The second, ironically, was the location, even with LSU so close to home. Although Travis’ move to Jacksonville didn’t directly influence the decision, off-field difficulties for the family could be put at ease with the choice to go to Florida.

Travis tore his ACL on August 16, 2021, before the regular season began. Donnetta moved to Jacksonville to help him as he was unable to travel, which forced her to miss most of Trevor’s senior season of high school.

“He had to grow up on the field with me coming in and out because I missed a lot of Trevor’s senior season being with Travis,” Donnetta explained. “So, I think so at some point during his senior season, he realized that [going to Florida] will make it easier on the family.”

Their past experiences of splitting up family members to support both brothers’ games, award ceremonies, and other events also made it easy for Trevor to pick a school less than two hours away from where his brother plays.

“In high school, we’d had to split up,” Donnetta said. “Trevor was having a playoff game, and Travis was receiving his ACC Player of the Year for the second time. So, we were at the awards looking at Travis, and we have the air pods in our ears listening to the radio, and Trevor’s playing a game. So, we know what it is like to split up.”

As far as holding true to his commitment despite a coaching change, Napier’s hiring only confirmed Trevor’s choice was the right one for him not only because of his experience being recruited by the former Louisiana head coach, but also because of the similarities between him and Travis’ college head coach Dabo Swinney.

Napier coached under Swinney as Clemson’s offensive coordinator for the 2009 and 2010 seasons, and Donnetta sees the similarities between the two and the position coaches.

“I needed somebody that I could trust Trevor with that he trusted,” she said. “[Then-running backs] Coach [Tony] Elliot was that guy for me. Coach Elliot and Dabo [Swinney] were those guys for Travis. I knew that they could make Travis a good man and get Travis to the next level. Coach Napier and Coach [Jabbar] Juluke are those guys for Trevor. He trusted them already.”

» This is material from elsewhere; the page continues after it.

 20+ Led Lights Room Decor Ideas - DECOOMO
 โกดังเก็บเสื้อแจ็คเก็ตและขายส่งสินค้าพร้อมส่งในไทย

From what Travis experienced at Clemson with Swinney and then-running backs coach Tony Elliot, Donnetta saw the longtime Tiger head coach build a sustainable championship contender through a strong culture. She sees that same trait in Napier.

“They build a culture,” she explained. “It’s getting them to buy in and love each other. Build a brotherhood.”

That brotherhood includes experiences with Louisiana culture. Since moving to Florida from Louisiana, the former UL coaches have made an effort to introduce Louisiana culture to the returning Florida players while making the Louisiana-based players feel at home.

On Florida’s 2022 roster, seven players were either from Louisiana or transferred from a school in Louisiana, which includes former UL players Montrell Johnson Jr., O’Cyrus Torrence and Kamryn Waites. Of the 12 on-field coaches and non-analysts, eight have previous experiencing coaching in the state of Louisiana.

“A lot of their staff is from Louisiana. So, Thanksgiving came, and Coach Juluke hired somebody to cook a little gumbo, somebody from Louisiana to cook up a gumbo,” she said. “And I thought it was cool because when Coach Tony did it at Clemson for Travis, the jambalaya didn’t turn out so good. They tried because these guys are missing their culture, their home.”

As far as the future of the Florida Gators’ football program under Napier is concerned, Donnetta believes if it is anything like the Etienne’s experience under Swinney at Clemson, the program and the running back donning “Etienne” on his nameplate are poised for success.

“We got a chance to be a part of UF history. I think that ’23 and that ’24 team, they’re going to make history,” she said. “I’m excited to see what these young guys can do because I watched them do it at Clemson. Put a lot guys together, and they believe, and they went to the Natty. So, I’m excited to see what the future holds for this young UF team.”

Although Trevor’s freshman season did not end the way the team hoped after a 30-3 loss to Oregon State in the Las Vegas Bowl, the future of the Florida Gators offense is bright with No. 7 carrying the rock.